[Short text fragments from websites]
-------------------------

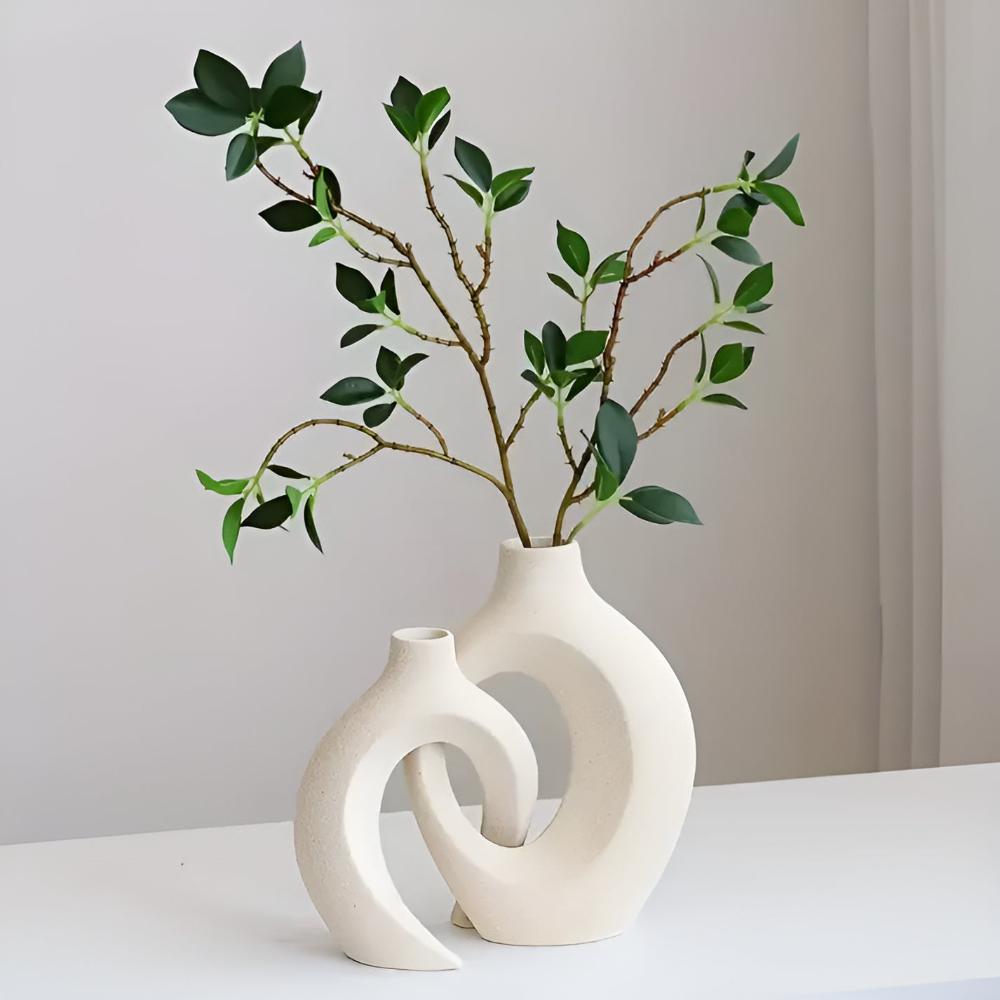 EarthTone Ceramic Vase Duo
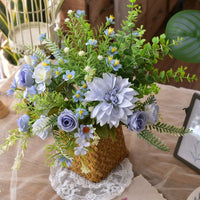 Artificial Floral Arrangement in a Woven Basket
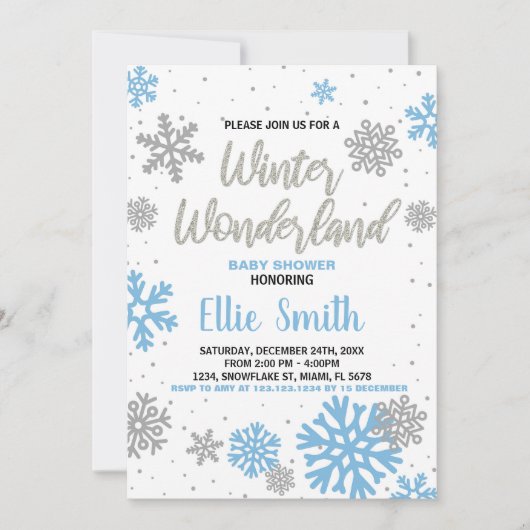 冬のベビーシャワー招待状ブルーホワイト 招待状 (正面)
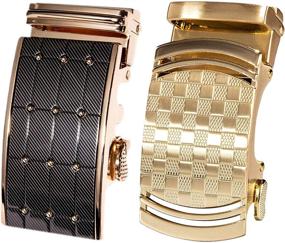 img 4 attached to Ratchet Buckle Pattern Automatic Business Men's Accessories for Belts
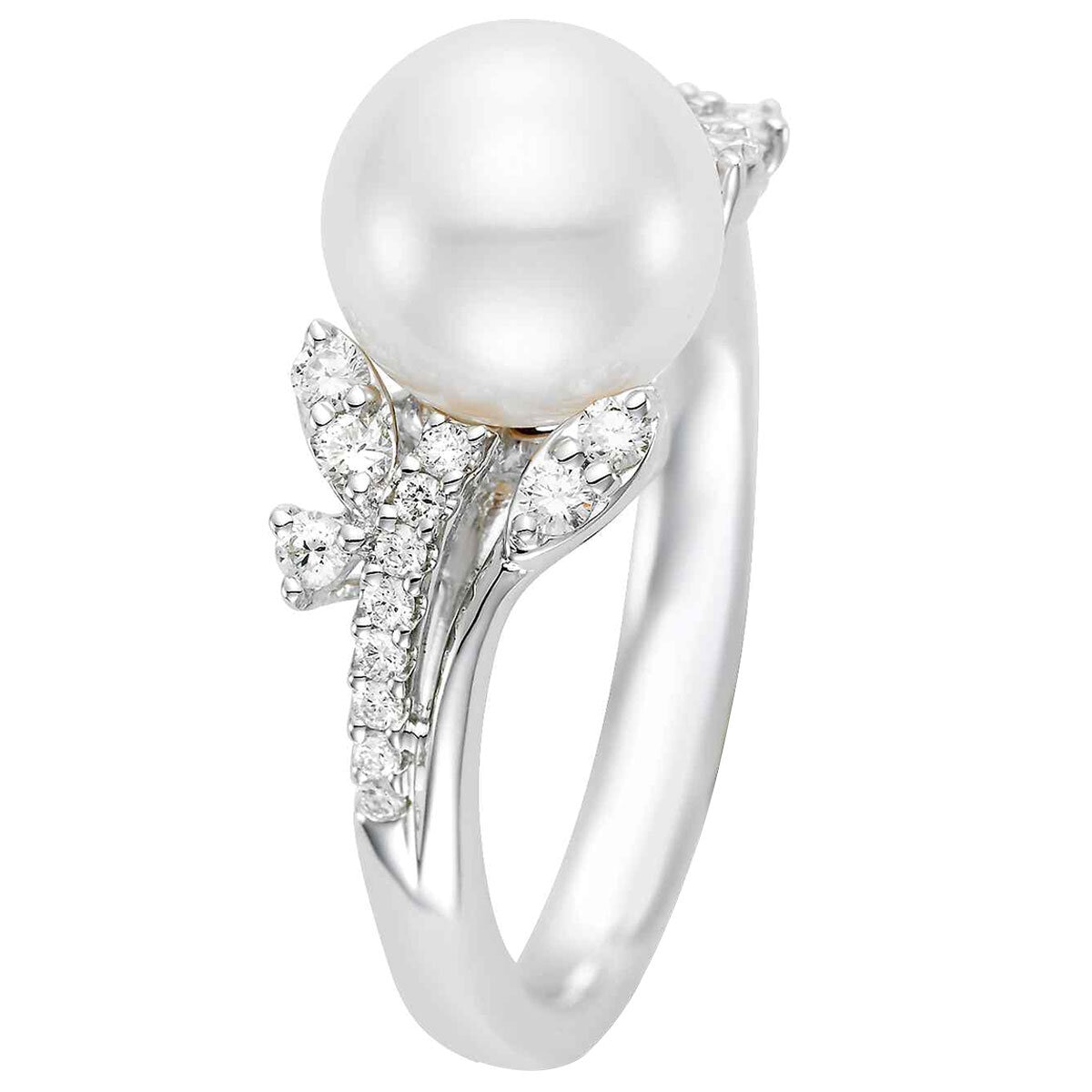 14KT White Gold 0.34ctw Diamond Cultured Pearl Ring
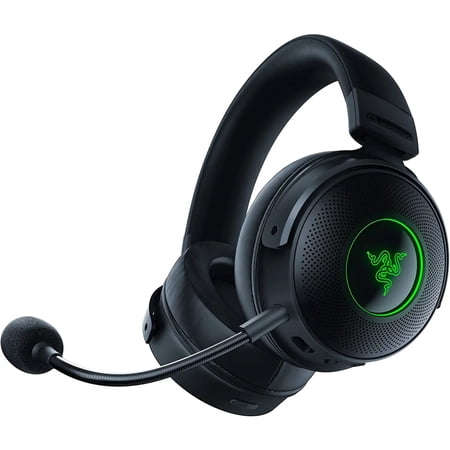 Razer Kraken V3 Pro HyperSense Wireless Gaming Headset Haptic Technology: Triforce Titanium 50mm Drivers - Hybrid Fabric & Leatherette Memory Foam Cushions - Black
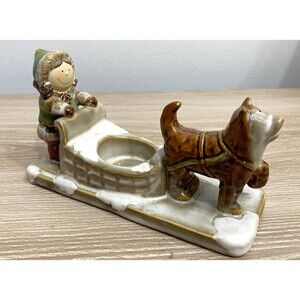 Yankee Candle Girl Sled Dog Tea Light Candle Holder Figure Ronnie Walter EUC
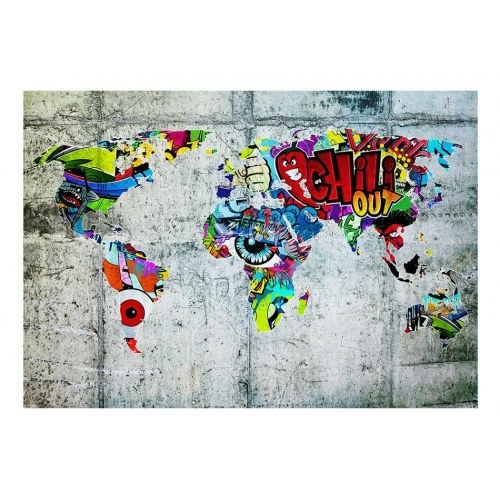 Fototapet - Map - Graffiti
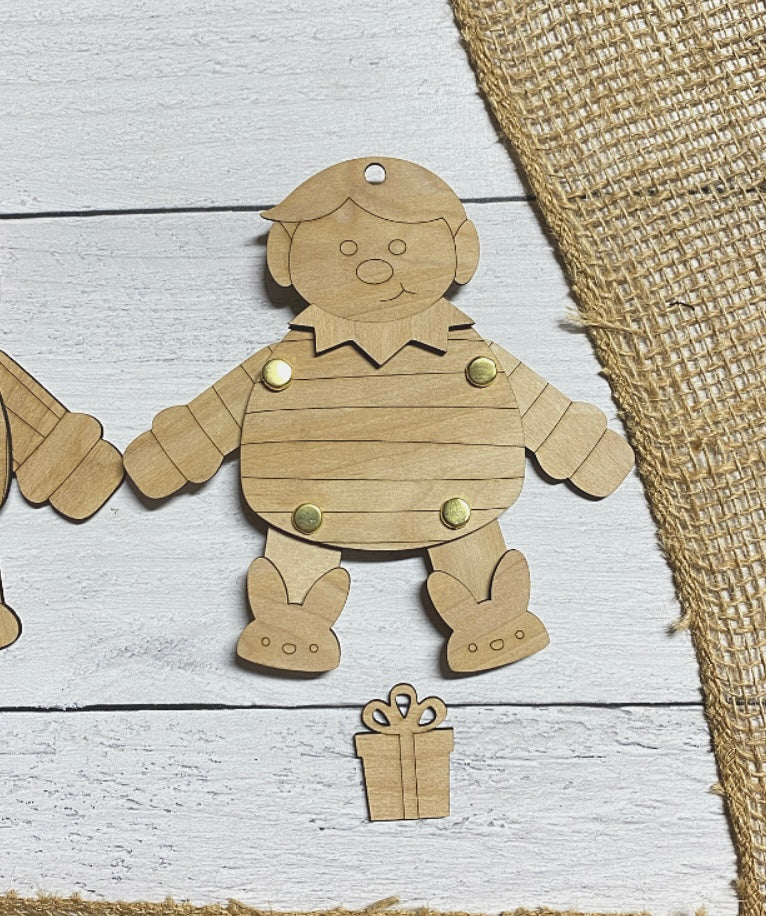 Santa and Elf Wood Puppet Ornament Wood Blank Set of 2
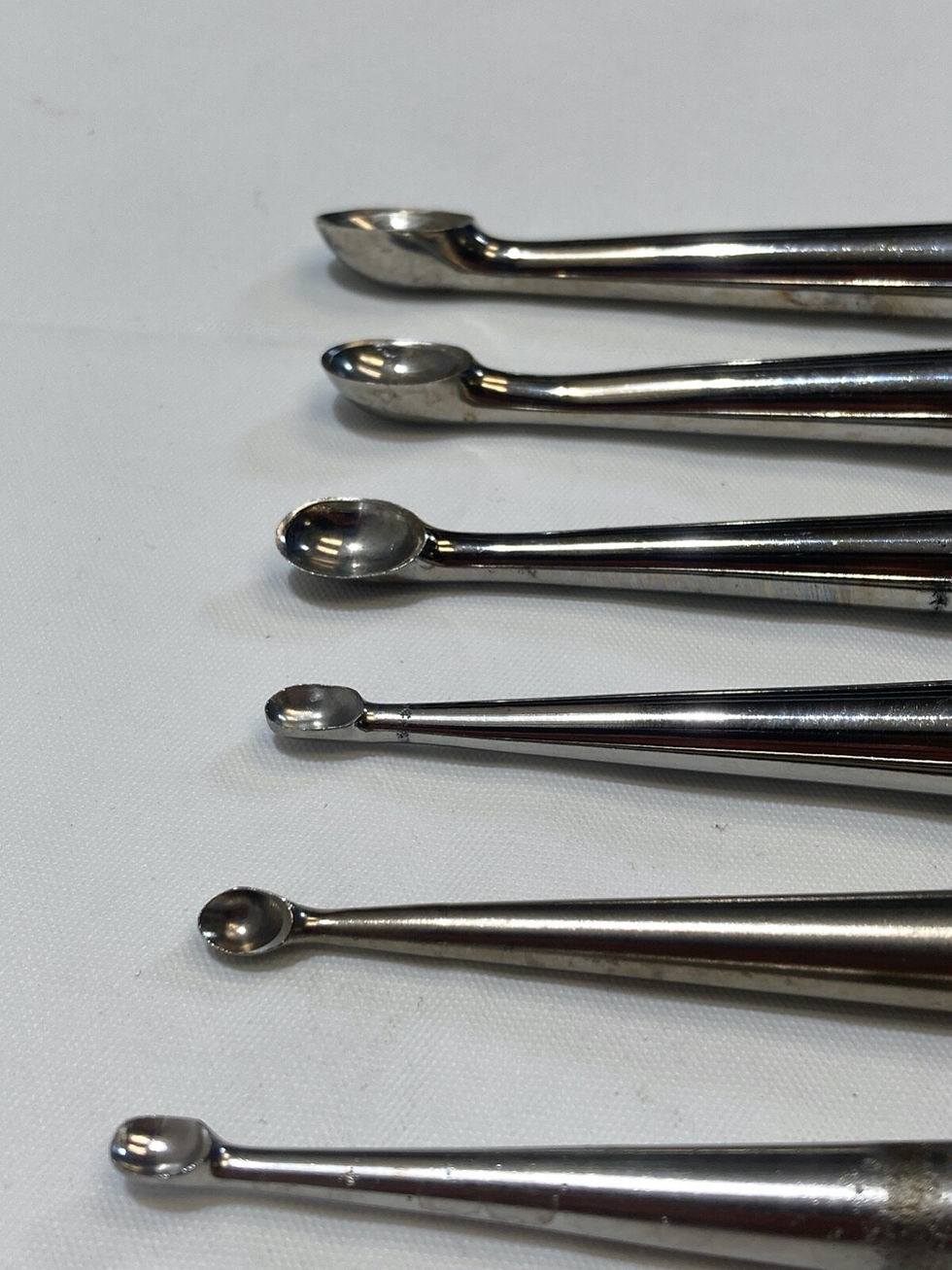Thumbnail: V. Mueller OS995-005 Bone Curettes Set of 6 Knurled Handle 9" 0-6 Orthopedics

-------------------------

▸ WHAT YOU NEED TO DO: Retype the lines exactly. Begin at the one that holds "14KT White Gold", stop at the last line of the entries above, and drop the pictures.

▸ COMPLETED EXERCISE:
 14KT White Gold 0.34ctw Diamond Cultured Pearl Ring
 Razer Kraken V3 Pro HyperSense Wireless Gaming Headset Haptic Technology: Triforce Titanium 50mm Drivers - Hybrid Fabric & Leatherette Memory Foam Cushions - Black
 Yankee Candle Girl Sled Dog Tea Light Candle Holder Figure Ronnie Walter EUC
 Fototapet - Map - Graffiti
 Santa and Elf Wood Puppet Ornament Wood Blank Set of 2
Thumbnail: V. Mueller OS995-005 Bone Curettes Set of 6 Knurled Handle 9" 0-6 Orthopedics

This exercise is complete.